Using the records below, repeat exactly the lines from the one holding "New Laptop HP" through the one holding "colorful abstract background with lines", both ends included, and no others.

● **Listed entries**
──────

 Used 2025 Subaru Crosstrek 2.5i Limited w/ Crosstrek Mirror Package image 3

──────

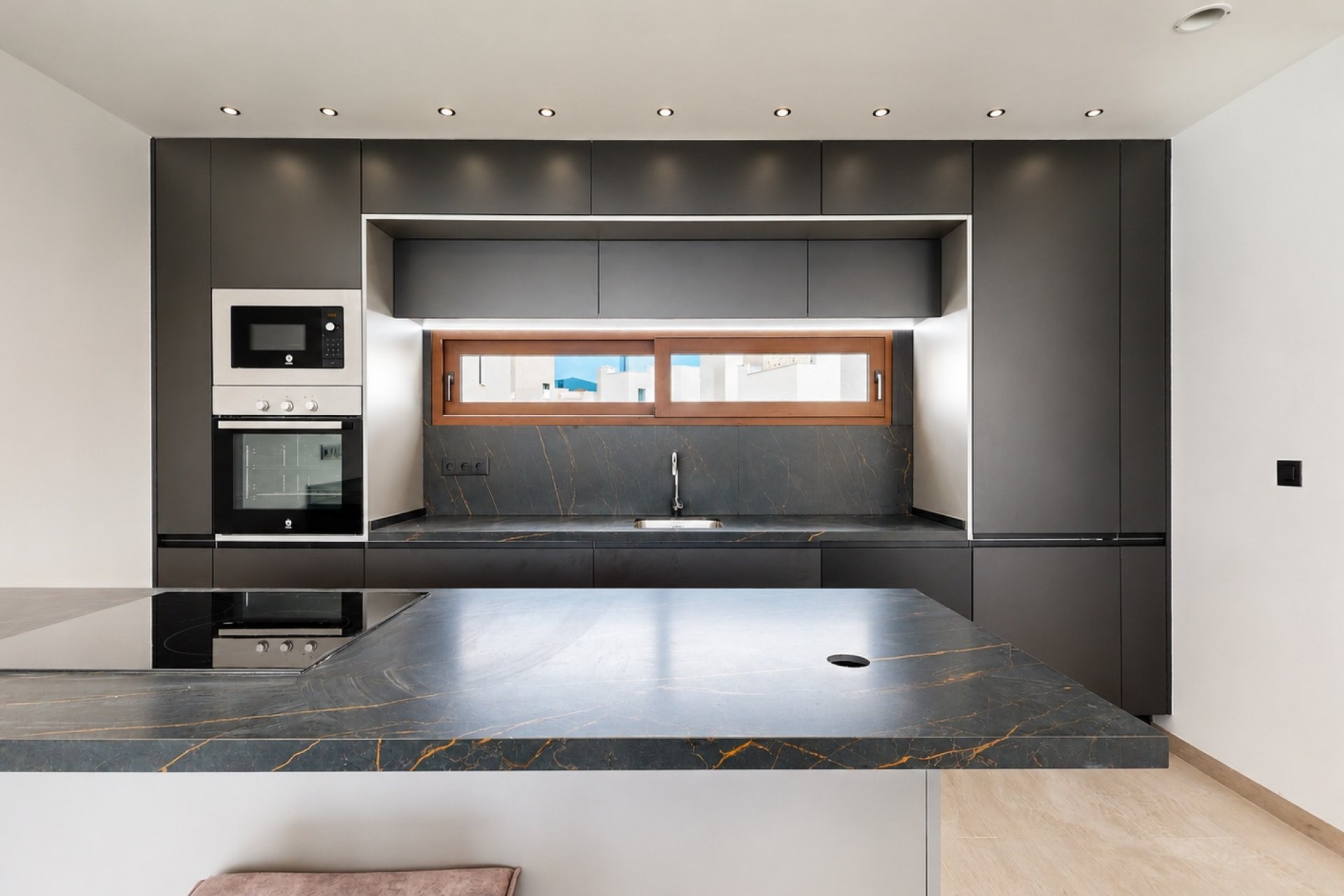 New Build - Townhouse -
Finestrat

──────

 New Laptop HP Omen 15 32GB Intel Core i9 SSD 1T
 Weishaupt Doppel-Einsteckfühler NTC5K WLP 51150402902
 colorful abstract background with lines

──────

● **Finished task**
 New Laptop HP Omen 15 32GB Intel Core i9 SSD 1T
 Weishaupt Doppel-Einsteckfühler NTC5K WLP 51150402902
 colorful abstract background with lines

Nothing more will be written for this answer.